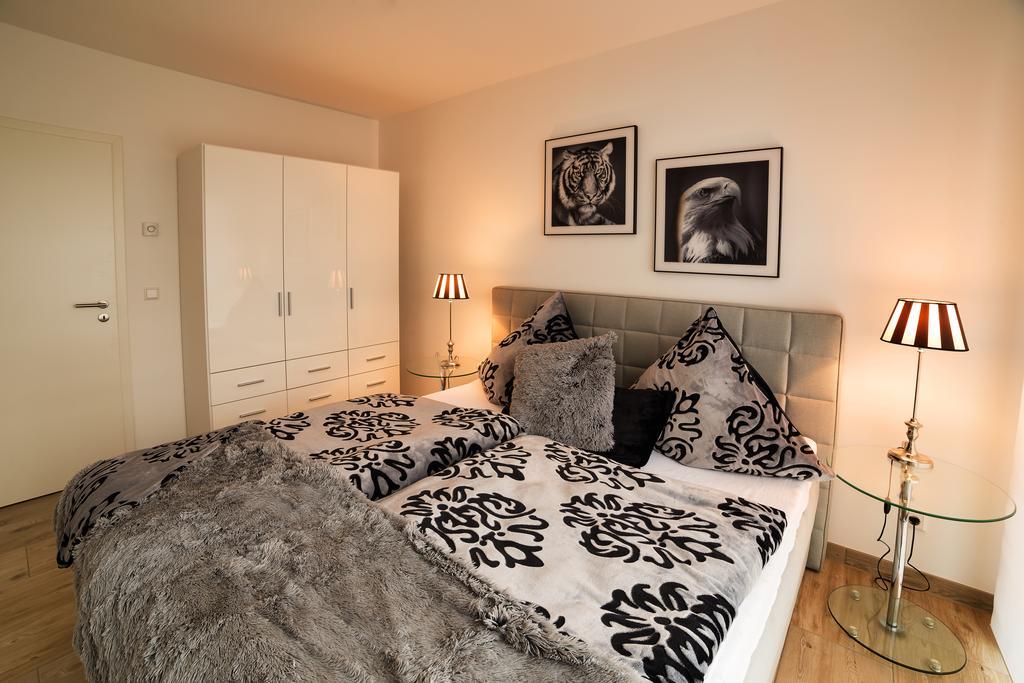Charming Apartments Am See Bad Saarow Chambre photo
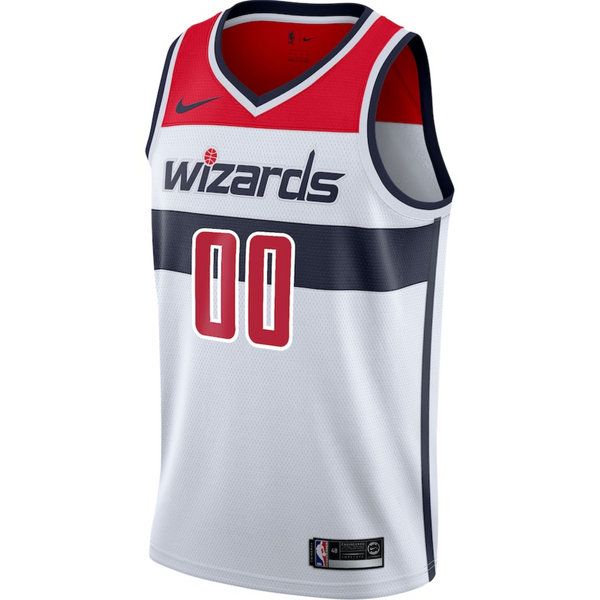 Regata Nike NBA Washington Wizards Association Edition 2020/21
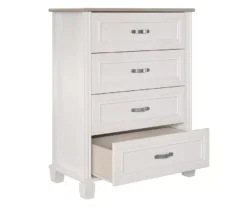 Hillview 4-Drawer Dresser -Furniture Specialty Shop 810569900 3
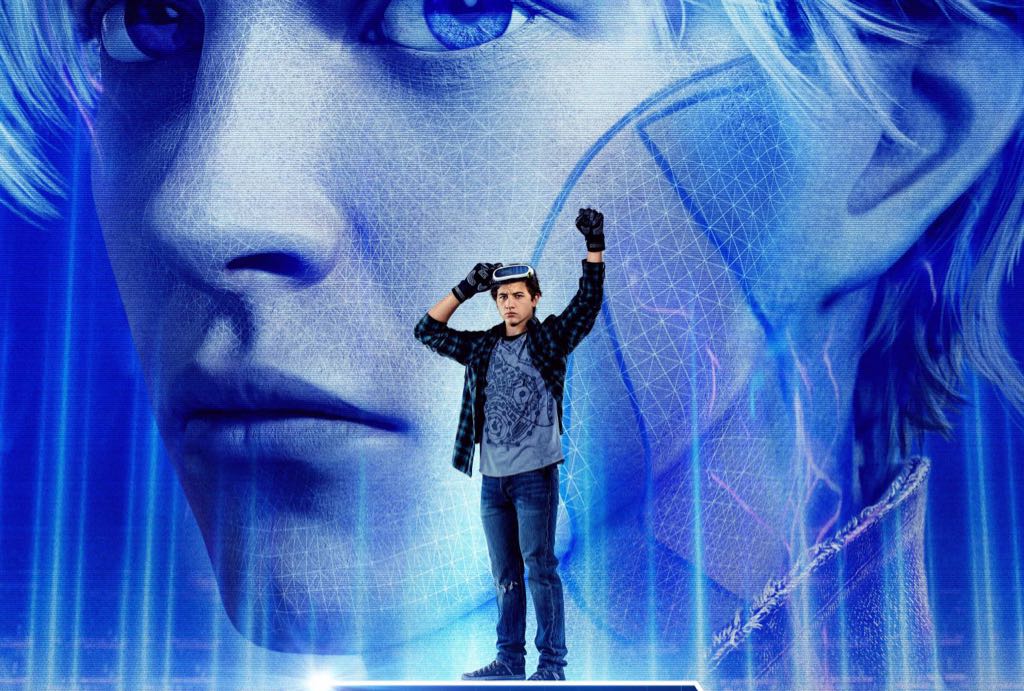 Parzival  vinyl figure collectible [Barcode 889698304559] - Main Image 2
----
#### Action item
Omit the pictures, then output the rest of the listing exactly.

#### Result for this task
Charming Apartments Am See Bad Saarow Chambre photo
 Regata Nike NBA Washington Wizards Association Edition 2020/21
 Hillview 4-Drawer Dresser -Furniture Specialty Shop 810569900 3
 Parzival  vinyl figure collectible [Barcode 889698304559] - Main Image 2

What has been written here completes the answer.